> _INSTRUCTIONS TO FOLLOW_: Exact reproduction required: the lines below from the line with "FILE - Georgian" to the line with "A living room", both ends included, and no others.

> _EXCERPTED RECORDS_:
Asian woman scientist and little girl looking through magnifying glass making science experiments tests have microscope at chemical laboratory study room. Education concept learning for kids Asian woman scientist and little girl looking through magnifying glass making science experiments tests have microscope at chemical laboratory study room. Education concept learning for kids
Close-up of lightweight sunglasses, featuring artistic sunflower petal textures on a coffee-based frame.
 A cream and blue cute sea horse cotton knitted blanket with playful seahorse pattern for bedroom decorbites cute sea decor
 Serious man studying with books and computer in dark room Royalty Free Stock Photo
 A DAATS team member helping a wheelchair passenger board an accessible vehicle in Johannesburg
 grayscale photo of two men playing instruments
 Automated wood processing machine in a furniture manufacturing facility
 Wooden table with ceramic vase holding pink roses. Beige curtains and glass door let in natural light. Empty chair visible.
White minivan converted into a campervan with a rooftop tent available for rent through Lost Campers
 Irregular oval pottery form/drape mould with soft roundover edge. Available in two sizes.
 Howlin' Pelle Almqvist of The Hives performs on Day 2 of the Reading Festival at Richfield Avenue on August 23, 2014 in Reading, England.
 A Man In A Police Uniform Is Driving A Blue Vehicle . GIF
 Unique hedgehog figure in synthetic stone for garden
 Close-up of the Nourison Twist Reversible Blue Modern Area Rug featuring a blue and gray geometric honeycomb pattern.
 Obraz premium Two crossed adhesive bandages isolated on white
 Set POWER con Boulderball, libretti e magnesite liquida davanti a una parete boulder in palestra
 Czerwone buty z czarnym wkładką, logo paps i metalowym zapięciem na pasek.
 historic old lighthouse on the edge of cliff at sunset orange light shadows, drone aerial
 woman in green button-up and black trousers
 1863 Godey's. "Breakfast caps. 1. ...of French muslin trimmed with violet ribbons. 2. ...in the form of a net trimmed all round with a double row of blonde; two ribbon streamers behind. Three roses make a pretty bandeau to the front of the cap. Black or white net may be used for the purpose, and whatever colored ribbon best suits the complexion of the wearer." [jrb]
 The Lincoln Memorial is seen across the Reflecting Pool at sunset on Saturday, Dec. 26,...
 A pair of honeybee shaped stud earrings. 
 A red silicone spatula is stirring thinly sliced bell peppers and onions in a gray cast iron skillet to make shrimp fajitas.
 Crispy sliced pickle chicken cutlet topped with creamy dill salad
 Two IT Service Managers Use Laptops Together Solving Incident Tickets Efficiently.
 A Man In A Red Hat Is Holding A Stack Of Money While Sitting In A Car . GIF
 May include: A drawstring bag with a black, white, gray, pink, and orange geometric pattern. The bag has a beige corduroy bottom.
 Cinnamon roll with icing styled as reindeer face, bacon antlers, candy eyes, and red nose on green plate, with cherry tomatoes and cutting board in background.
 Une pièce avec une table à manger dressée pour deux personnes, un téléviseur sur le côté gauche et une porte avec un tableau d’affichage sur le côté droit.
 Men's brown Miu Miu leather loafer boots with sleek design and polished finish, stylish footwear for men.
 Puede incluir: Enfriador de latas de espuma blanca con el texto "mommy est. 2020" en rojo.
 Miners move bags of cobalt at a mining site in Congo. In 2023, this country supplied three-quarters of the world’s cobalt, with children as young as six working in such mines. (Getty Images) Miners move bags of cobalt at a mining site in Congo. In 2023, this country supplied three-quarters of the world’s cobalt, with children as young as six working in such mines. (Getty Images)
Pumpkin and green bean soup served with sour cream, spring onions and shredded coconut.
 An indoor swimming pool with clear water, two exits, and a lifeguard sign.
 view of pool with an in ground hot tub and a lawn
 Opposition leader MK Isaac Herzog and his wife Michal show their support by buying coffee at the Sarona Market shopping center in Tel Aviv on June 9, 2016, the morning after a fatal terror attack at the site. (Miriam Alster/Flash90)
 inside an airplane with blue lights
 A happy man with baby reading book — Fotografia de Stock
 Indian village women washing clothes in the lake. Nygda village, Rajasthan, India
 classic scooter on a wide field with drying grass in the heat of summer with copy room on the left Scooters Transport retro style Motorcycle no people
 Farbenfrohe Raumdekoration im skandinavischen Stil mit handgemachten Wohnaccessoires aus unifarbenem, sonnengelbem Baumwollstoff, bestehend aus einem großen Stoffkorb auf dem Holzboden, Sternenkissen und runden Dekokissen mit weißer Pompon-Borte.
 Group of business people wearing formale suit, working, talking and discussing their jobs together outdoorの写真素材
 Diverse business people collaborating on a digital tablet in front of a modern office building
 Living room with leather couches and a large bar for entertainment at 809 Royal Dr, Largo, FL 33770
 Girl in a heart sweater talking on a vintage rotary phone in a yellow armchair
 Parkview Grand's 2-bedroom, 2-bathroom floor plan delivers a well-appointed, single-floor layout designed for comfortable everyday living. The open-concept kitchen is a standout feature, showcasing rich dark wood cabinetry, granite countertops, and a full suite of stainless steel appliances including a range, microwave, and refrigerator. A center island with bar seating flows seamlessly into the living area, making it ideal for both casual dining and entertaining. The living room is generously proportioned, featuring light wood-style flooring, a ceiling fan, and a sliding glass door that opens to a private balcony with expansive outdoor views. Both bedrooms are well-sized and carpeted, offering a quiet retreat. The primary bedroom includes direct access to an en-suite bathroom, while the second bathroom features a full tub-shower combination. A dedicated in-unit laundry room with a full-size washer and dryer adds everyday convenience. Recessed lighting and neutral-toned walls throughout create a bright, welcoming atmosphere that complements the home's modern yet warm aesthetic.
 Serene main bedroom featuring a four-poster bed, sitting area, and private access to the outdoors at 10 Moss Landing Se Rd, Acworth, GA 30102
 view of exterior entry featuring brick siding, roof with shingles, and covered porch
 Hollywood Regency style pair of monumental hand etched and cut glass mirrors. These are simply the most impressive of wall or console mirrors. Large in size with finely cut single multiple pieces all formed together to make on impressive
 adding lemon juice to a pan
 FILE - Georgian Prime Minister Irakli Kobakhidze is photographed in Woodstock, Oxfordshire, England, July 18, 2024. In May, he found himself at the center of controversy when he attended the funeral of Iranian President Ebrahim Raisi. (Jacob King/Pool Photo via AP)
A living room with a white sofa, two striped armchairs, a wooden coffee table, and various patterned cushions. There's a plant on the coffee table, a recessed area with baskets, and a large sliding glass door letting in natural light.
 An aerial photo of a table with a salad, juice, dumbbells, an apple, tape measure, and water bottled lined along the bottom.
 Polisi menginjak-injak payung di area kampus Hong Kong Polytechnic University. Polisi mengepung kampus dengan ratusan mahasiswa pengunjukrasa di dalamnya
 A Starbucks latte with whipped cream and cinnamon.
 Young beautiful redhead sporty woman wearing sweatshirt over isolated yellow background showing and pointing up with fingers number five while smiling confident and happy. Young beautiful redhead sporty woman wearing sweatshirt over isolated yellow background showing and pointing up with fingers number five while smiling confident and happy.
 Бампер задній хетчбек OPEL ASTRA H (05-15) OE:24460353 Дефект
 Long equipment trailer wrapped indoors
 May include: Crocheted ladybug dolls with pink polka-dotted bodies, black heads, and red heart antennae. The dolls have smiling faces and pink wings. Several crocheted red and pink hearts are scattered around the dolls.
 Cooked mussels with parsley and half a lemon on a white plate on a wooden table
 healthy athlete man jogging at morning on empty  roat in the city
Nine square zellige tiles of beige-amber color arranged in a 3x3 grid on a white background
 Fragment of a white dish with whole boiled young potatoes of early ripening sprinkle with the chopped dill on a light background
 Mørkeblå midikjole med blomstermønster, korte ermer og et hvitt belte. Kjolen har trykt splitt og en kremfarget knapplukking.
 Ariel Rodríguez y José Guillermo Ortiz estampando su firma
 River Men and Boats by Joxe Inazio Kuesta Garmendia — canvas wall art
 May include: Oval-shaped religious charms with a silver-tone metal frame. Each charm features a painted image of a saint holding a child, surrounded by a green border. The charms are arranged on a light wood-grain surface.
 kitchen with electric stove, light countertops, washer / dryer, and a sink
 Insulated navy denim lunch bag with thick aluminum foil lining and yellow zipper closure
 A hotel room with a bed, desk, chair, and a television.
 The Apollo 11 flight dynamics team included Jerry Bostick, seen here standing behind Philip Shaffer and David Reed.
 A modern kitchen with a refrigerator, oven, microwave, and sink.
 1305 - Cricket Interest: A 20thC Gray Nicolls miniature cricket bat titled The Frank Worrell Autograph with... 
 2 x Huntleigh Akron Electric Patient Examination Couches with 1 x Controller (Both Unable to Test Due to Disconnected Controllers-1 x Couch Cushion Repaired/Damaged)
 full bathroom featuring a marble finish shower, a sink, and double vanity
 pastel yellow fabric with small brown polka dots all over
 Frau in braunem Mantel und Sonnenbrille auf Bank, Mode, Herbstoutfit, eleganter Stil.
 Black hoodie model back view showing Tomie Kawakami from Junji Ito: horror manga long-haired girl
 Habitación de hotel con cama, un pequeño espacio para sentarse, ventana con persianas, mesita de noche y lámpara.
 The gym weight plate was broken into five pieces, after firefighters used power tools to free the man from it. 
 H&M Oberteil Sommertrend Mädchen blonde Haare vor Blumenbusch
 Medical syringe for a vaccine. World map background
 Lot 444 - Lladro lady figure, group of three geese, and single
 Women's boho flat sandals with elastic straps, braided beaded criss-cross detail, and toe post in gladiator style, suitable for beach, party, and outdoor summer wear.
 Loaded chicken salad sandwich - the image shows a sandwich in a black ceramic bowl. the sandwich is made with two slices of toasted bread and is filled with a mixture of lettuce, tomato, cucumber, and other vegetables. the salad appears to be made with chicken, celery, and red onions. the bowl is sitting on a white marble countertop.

> _EXERCISE ANSWER_:
 FILE - Georgian Prime Minister Irakli Kobakhidze is photographed in Woodstock, Oxfordshire, England, July 18, 2024. In May, he found himself at the center of controversy when he attended the funeral of Iranian President Ebrahim Raisi. (Jacob King/Pool Photo via AP)
A living room with a white sofa, two striped armchairs, a wooden coffee table, and various patterned cushions. There's a plant on the coffee table, a recessed area with baskets, and a large sliding glass door letting in natural light.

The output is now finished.